NEW YORK (Reuters) - Oil prices rose almost 3 percent on Monday, lifted by a weaker dollar, renewed economic optimism and end-of-quarter book-squaring.
The dollar index .DXY fell against a basket of currencies, helping to boost commodity prices, including oil.
Trading sources reported end-of-quarter and end-of-month buying ahead of the Easter holiday weekend and several said there could be some lift to oil from concerns about a suicide bombing in the Moscow metro.
“The explosion in Russia is a culprit along with the weak dollar and there is end-of-quarter book-squaring and window-dressing on Wall Street,” said Stephen Schork, president at the Schork Group in Villanova, Pennsylvania.
U.S. crude for May delivery rose $2.17, or 2.71 percent, to settle at $82.17 a barrel, ending a three-session losing streak and trading as high as $82.78, the highest front-month crude price since March 17.
London Brent crude gained $1.88 to settle at $81.17.
The euro strengthened against the dollar as debt-stricken Greece sold seven-year bonds and after last week’s euro zone agreement on emergency financial aid for Greece.
Strong U.S. and European economic data and robust Asian indicators helped to lift equity markets.
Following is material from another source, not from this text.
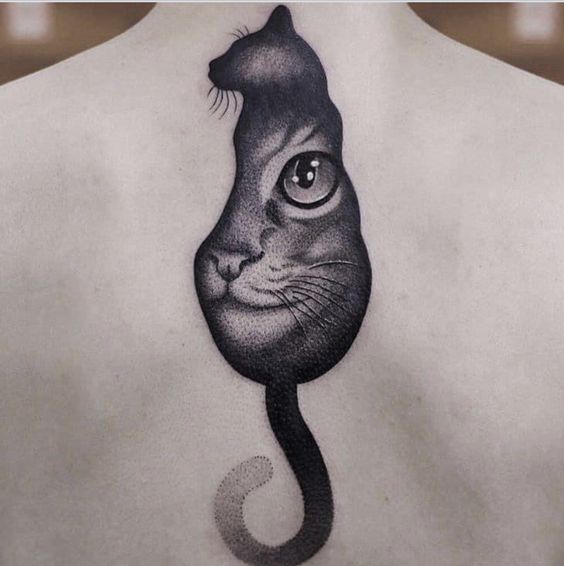 Tatuaggio Tattoo Gatto Profilo e Muso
Euro zone economic sentiment increased more than expected in March.
U.S. consumer spending rose as expected in February for a fifth straight month, but stagnant incomes pushed savings to their lowest level since October 2008.
U.S. stocks closed higher on Monday as Greece launched its sovereign bond issue and with energy shares helping fuel the rise.
“As is often the case when prices spike by more than a couple of percentage points, several factors combined to ignite an influx of speculative capital into the long side,” Jim Ritterbusch, president at Ritterbusch & Associates, said in a note.
Markets were eyeing Friday’s U.S. jobs report, with economists forecasting the economy created about 190,000 jobs in March.
China’s annual economic growth will reach 12 percent this quarter, a government researcher said, as economists raised growth forecasts for the world’s second-largest fuel user after strong industrial output growth last month.
Japanese retail sales jumped the most in 13 years in the year to February due to the lingering effects of government stimulus, while South Korea’s current account swung back to a surplus in February on brisk exports.
Having traded intraday above $80 for the past 27 trading sessions, some traders said oil prices appear to be ready for a breakout from current levels.
However, with crude oil demand fundamentals continuing to clash with the positive macroeconomic data, analysts said prices could struggle to break out above the $84 mark -- with the U.S. crude oil 2010 peak from January at $83.95 a barrel.
Oil prices could stay in the $70 to $80 range over the next decade, according to an OPEC report released ahead of a major oil conference this week.
Saudi Arabia wants to keep prices in the $70 to $80 range, and most other OPEC members are comfortable with this level, a person familiar with Saudi policy said Monday.
Top energy officials and oil company executives from 64 countries are meeting in Cancun, Mexico, this week for the biannual International Energy Forum.